Q. Has airfreight taken a share of your business?
Apparel is one of the key commodities that we have traditionally been carrying out of Sri Lanka for the past few years. This segment in particular has evolved, much to the delight of our customers, and now exports are restricted to high fashion products like lingerie and swimwear. Given that these products require shorter lead times, air freight is the preferred mode of transport.
Having said that, the shift has not greatly impacted our overall volumes in the market as the void has been filled by other commodities being exported from the country viz tea, rubber, coconuts and many more.
Q. Has the currency depreciation led to a reduction in imports?
It is indeed true that Sri Lanka has seen a reduced demand in Q1 2018 on imports when compared to YoY numbers, However, it may not be absolutely correct to attribute this decline to currency depreciation only. While it was one of the factors, others like currency fluctuation, environment uncertainty and global tightening of monetary policy amongst others also had a role to play. We are optimistic that of the growth to revive with a more stable expectation on the currency and with inventory restocking requirements in the second half of 2018.
Q. How important is the much talked about East Container Terminal (ECT)?
The East Container Terminal is planned to be developed as a deep draft terminal to supplement operations at CICT, the only one today that is capable of handling mega carriers. CICT is already operating at more than 80% capacity and is unable to offer berthing facilities to new services. Operationalization of ECT should therefore allow for the much needed capacity expansion with major lines, including Maersk, and further improve the trade scenario in Sri Lanka.
Q. Do you think that CICT, SAGT and JCT have the capacity to meet the growing demand?
As per the installed capacity at the Port of Colombo, the 3 terminals are capable of handling between 7 – 7.5 million TEU’s per annum. In 2017, the port handled 6.2 million TEU’s. In 2018, we have already witnessed a growth of 18% in H1. Based upon this trend we expect volumes to reach 7 million TEU’s by the end of this year.
Port operations may be able to optimize the volumes through various efficiency improvement initiatives and deliver slightly better volumes however it is evident that current capacity will not be enough by 2019. It is therefore imperative that urgent measures are adopted to build more capacity through expansion in the said timeframe in order to ensure the momentum on trade is not lost.
Q. What improvements would Sri Lanka need in its marine infrastructure to be better placed in the supply chain?
Currently the key next step is to ensure East Container Terminal gets commissioned and adds the required capacity to the Port of Colombo.
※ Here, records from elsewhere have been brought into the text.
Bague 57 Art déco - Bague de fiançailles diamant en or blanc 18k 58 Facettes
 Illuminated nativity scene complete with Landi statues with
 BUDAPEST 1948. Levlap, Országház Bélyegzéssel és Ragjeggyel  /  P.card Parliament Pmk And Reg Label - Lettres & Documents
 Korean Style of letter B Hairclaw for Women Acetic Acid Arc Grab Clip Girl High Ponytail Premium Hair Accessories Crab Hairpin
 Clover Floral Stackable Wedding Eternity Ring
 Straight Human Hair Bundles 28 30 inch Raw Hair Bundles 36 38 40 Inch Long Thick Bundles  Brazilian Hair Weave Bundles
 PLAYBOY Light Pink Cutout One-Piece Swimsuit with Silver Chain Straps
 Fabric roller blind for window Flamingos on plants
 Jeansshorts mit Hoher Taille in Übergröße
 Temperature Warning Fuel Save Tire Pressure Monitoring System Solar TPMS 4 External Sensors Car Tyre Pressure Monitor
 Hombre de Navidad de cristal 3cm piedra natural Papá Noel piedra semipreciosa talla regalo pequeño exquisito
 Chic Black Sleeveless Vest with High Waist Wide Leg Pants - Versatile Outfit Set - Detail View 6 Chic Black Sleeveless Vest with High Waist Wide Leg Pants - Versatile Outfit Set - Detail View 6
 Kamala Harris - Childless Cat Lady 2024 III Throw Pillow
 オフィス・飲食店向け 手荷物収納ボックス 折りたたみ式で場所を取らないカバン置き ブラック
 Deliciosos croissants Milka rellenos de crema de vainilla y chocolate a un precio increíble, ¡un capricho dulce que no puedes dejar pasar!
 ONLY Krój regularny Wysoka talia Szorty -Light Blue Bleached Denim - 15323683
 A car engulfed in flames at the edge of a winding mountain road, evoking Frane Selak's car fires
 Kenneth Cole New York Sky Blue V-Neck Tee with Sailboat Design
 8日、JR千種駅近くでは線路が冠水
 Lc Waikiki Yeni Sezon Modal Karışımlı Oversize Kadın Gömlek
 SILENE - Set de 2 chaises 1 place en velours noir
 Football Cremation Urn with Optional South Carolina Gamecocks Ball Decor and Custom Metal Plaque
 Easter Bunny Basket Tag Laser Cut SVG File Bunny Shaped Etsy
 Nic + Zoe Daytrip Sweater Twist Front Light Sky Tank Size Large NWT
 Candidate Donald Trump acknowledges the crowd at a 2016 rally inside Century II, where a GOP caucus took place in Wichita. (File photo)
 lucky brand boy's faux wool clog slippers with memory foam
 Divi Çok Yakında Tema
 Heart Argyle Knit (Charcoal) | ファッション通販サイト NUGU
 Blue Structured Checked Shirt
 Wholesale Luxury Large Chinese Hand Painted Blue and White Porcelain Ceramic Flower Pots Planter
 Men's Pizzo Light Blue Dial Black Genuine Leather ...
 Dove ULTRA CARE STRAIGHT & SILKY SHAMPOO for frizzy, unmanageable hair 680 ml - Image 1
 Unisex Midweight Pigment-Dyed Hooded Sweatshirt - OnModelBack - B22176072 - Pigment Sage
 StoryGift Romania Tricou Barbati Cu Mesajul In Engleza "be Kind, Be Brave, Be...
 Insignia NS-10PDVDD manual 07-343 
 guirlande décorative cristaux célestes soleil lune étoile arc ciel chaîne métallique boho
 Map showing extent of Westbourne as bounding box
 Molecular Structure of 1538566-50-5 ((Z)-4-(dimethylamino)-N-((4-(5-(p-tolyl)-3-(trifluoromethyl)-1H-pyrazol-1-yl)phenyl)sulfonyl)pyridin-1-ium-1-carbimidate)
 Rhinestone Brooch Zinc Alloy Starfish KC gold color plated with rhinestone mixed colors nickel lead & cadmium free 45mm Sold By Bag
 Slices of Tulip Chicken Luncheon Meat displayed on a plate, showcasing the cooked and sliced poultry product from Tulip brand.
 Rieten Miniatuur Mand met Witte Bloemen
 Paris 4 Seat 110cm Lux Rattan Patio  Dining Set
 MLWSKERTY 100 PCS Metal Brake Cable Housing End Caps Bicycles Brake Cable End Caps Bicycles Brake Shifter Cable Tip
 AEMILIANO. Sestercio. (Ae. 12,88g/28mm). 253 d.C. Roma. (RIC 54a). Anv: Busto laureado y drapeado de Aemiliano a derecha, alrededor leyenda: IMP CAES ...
Additionally, we look forward to improvements in terms of reducing berthing and sailing delays, ensuring adequate availability of tugs in both old and new basin, to mention some. In order to maintain competitiveness , we also recommend integrating the port with well-connected logistics parks, free trade zones that enable cargo consolidation, multi country consolidation and other ancillary services in line with some of the best practices globally.
Q. How does Maersk Line, as the world’s largest shipping company, see the potential of Hambantota Port?
Maersk Line is always looking to call ports with suitable infrastructure to service our vessels and our customers effectively. It is too early to tell whether Hambantota will be of interest to us, and much will be dependent on connectivity within the mainline network, extent of domestic cargo, cost and productivity. This is something we will be evaluating closer to the time once the concessionaires have developed a firm value proposition that would be attractive to our local import and export customers in the eastern part of Sri Lanka as well as container logistics integrators like Maersk.
In Sri Lanka, the port of Colombo is an important transshipment hub for us and we are looking forward to continuing our good relationship going forward.